The Yavapai were a nomadic people, traveling in families or in small bands. Their movements corresponded to the ripening of wild plant crops, such as mescal and saguaro cactus fruit. Some of the Yavapai, particularly those living near the Mojave and Yuma, grew corn, sunflowers, tobacco, and other crops in small plots. They hunted deer, antelope, rabbits, and other game and lived in either caves or dome-shaped huts framed with poles and covered with brush or thatch, much like Apache wickiups. Their crafts included pottery and basketry. Shamans presided over healing rituals.

The Yavapai first had contact with Europeans in 1582, when a Spanish expedition under Antonio de Espejo visited them. Other explorers from out of Mexico reached their domain. Juan de Onate met with them in 1604. Father Francisco Garces lived among them in 1776, after which contacts with non-Indian traders and trappers became common.

The Yavapai were ruggedly independent, resisting missionary work and settlement. Some bands, especially the Kawevikopaya, joined with the Apache in raids on whites and on other Indians. Following the Mexican Cession in 1848 and the United States takeover of the region, the territory of the Yavapai came to be traveled and mined by increasing numbers of non-Indian prospectors, causing sporadic violence by Yavapai bands.

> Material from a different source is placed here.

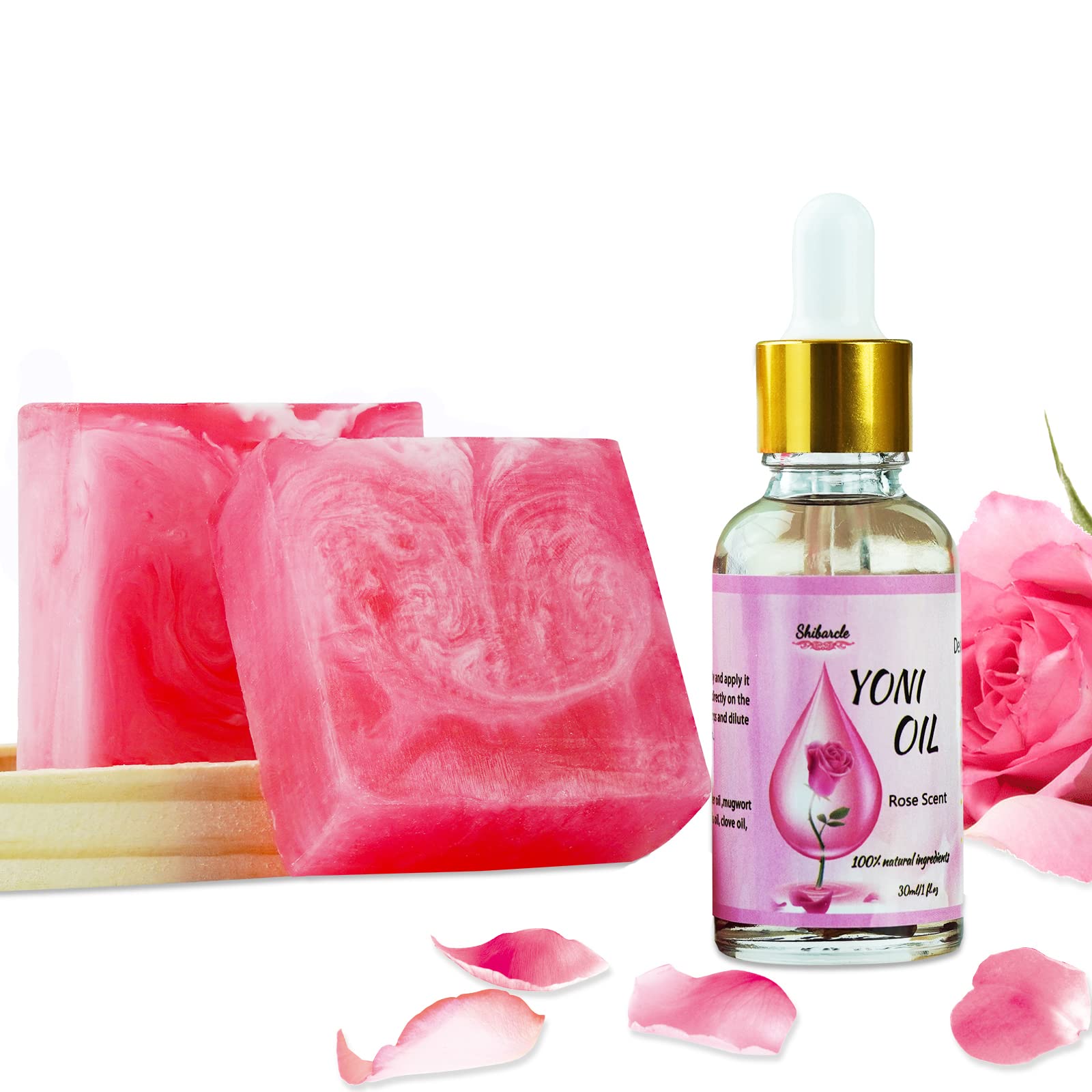 Yoni Soap Bars and Natural Yoni Oil Set, Yoni Oil Vaginal Wash for Women Feminine Wash Vaginial Shibarcle buy supplements canada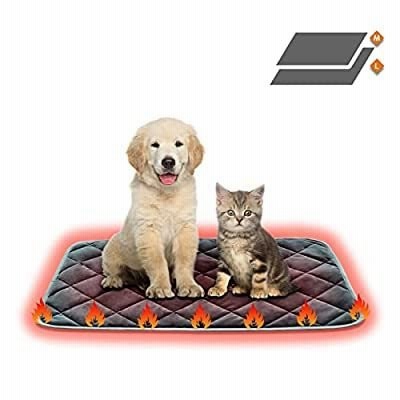 ペット用ホットカーペット ペットヒーター 犬 猫 自発熱ペットベッド ペットケージマット 体温蓄熱 5層の保温設計 滑り止め 電気不要 防寒 暖かい 通販 Lineポイント最大get Lineショッピング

Their resistance reached a climax in 1872 during General George Crook’s Tonto Basin Campaign against Tonto Apache and Yavapai. Crook’s scouts located a war party in Salt River Canyon of the Mazatzal Mountains. In the ensuing Battle of Skull Cave, his soldiers pumped bullets into a cave high on the canyon wall. Some fired from below on the canyon floor, others from above on the rim of the canyon. Bullets ricocheted inside the cave, striking many of the Yavapai warriors. Some managed to escape from the cave and fight back from behind rocks. But soldiers on the escarpment rolled boulders down on top of them. About 75 Yavapai lost their lives at Skull Cave.